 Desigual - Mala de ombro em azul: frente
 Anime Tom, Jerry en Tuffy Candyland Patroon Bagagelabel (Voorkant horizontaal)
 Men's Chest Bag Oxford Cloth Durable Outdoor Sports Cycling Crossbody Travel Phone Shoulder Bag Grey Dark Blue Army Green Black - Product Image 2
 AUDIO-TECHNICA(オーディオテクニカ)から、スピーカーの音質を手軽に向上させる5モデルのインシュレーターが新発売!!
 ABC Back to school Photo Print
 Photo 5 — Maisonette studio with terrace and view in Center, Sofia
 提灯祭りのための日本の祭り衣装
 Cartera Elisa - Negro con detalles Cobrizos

**********

_Task details_
Identify the lines of the entries containing the string "Photo". Copy each such line.

_Expected output_
 ABC Back to school Photo Print
 Photo 5 — Maisonette studio with terrace and view in Center, Sofia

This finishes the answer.